[Opening Data below section]
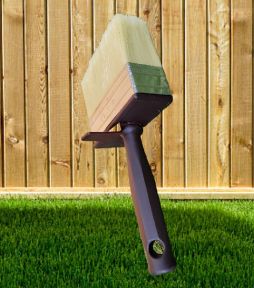 Shed & Fence Brush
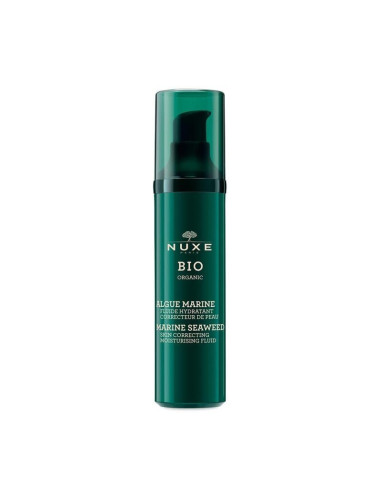 Nuxe Bio Seaweed Hydr Fluid 50 ml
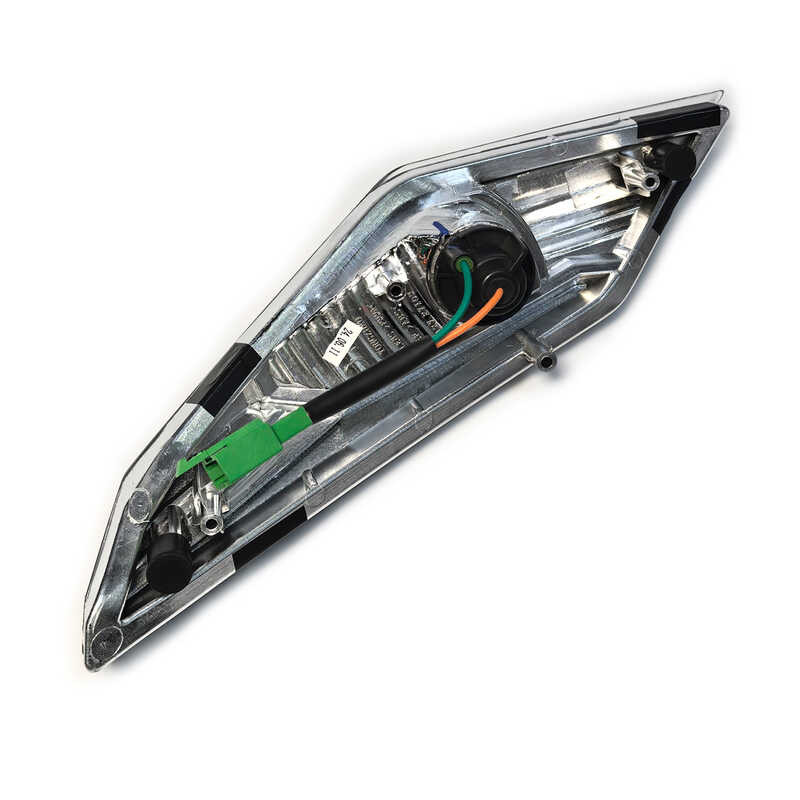 Δ Sym Jet 14 125/50/200 Cruisym 150 Xs150t-9 ไฟเลี้ยวซ้ายและขวาสำหรับร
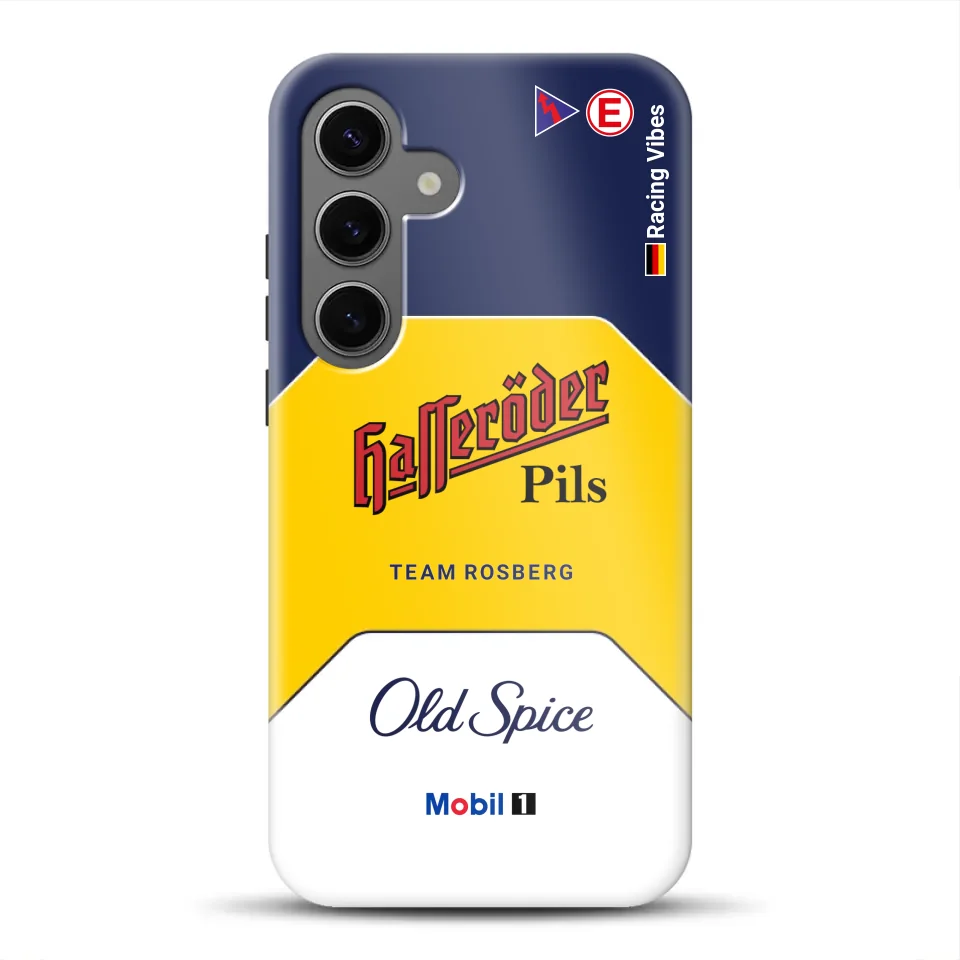 Calibra V6 Team Rosberg DTM / ITC 1995 Livery - Individuelle Premium Hülle für Samsung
[Closing Data below section]
> [Exercise details] Send back every line above exactly, skipping all pictures.

> [Solution to this exercise]
 Shed & Fence Brush
 Nuxe Bio Seaweed Hydr Fluid 50 ml
 Δ Sym Jet 14 125/50/200 Cruisym 150 Xs150t-9 ไฟเลี้ยวซ้ายและขวาสำหรับร
 Calibra V6 Team Rosberg DTM / ITC 1995 Livery - Individuelle Premium Hülle für Samsung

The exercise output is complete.